La Macédoine du Nord est un fragile État multiethnique créé à partir de l'effondrement de la Yougoslavie, dans lequel se joue en partie l'avenir du continent européen. Les conflits religieux qui le traversent auront des résonances dans le reste de l'Union européenne. Les questions ethniques, illustrées par les conflits entre Albanais, Serbes et Kosovars, n'ont pas été soldées. C'est un espace oublié en proie à des tensions larvées très dangereuses. En ex-Yougoslavie, on le sait, la guerre a été vaincue mais la paix n'a pas été gagnée. L'OTAN et l'Union européenne ne voient, dans ces espaces, rien d'autre que des marges, des pays frontières qui constituent un tampon entre la Turquie et le monde musulman à l'Est, et avec les mondes slaves au Nord-Est. Il est à craindre qu'ils soient méprisés par l'Union européenne et l'OTAN, et soient utilisés comme des pions dans la guerre opposant l'Occident à Moscou.
La coopération entre la Macédoine du Nord et Frontex a été entérinée en octobre 2022, ce que nous regrettons compte tenu du danger que représente cette institution pour les droits humains. L'agence européenne a été étrillée par un rapport de l'Office européen de lutte antifraude (OLAF), notamment en raison du refoulement de migrants en mer, de l'absence de prise en compte d'appels de détresse en mer, du harcèlement des migrants et même de malversations internes. Son budget a été multiplié par dix depuis sa création. Elle est en train de devenir un État dans l'État. Elle devrait être dissoute, et un nouveau pacte sur la migration et l'asile élaboré.

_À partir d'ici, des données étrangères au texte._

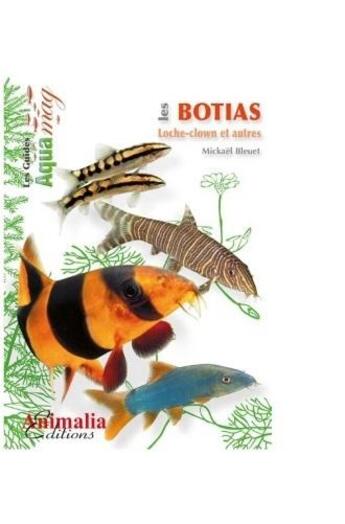 Couverture du livre « Les Botias » de Mickael Bleuet aux éditions Animalia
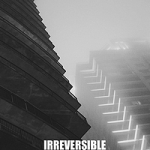 Irreversible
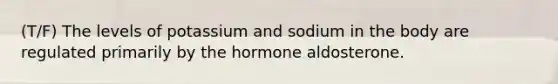 (T/F) The levels of potassium and sodium in the body are regulated primarily by the hormone aldosterone.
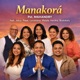 Manakora feat Joïca Pepe Lovatiana Malala Henika Bodokely Single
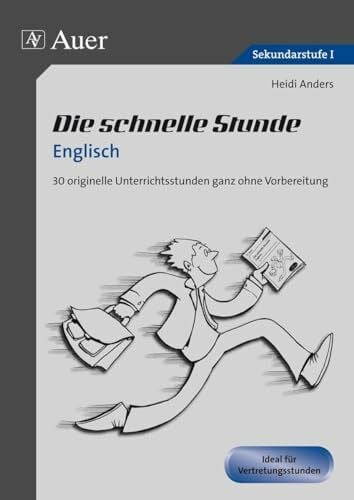 Anders, Heidi Die schnelle Stunde Englisch: 30 originelle Unterrichtsstunden ganz ohne Vorbereitung (5. bis 10. Klasse) (Die schnelle Stunde Sekundarstufe)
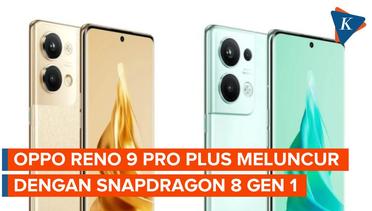 Oppo Reno 9 Pro Plus Resmi Meluncur dengan Chip Snapdragon 8 Gen 1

L'accord entre la France et la Macédoine du Nord s'inscrit dans le contexte de l'augmentation de la fréquentation de la route migratoire des Balkans. Syriens, Kurdes, Libanais traversent la Turquie au péril de leur vie et sont parfois arrêtés en Macédoine du Nord. Les Balkans forment un espace très courtisé. L'accord sur la réadmission des personnes dont le séjour est irrégulier est une nouvelle étape de cette offensive diplomatique. Il est à espérer qu'il sera appliqué de manière responsable et humaine par l'Union européenne, Frontex, la France et les autorités nord-macédoniennes. Nous nous abstiendrons.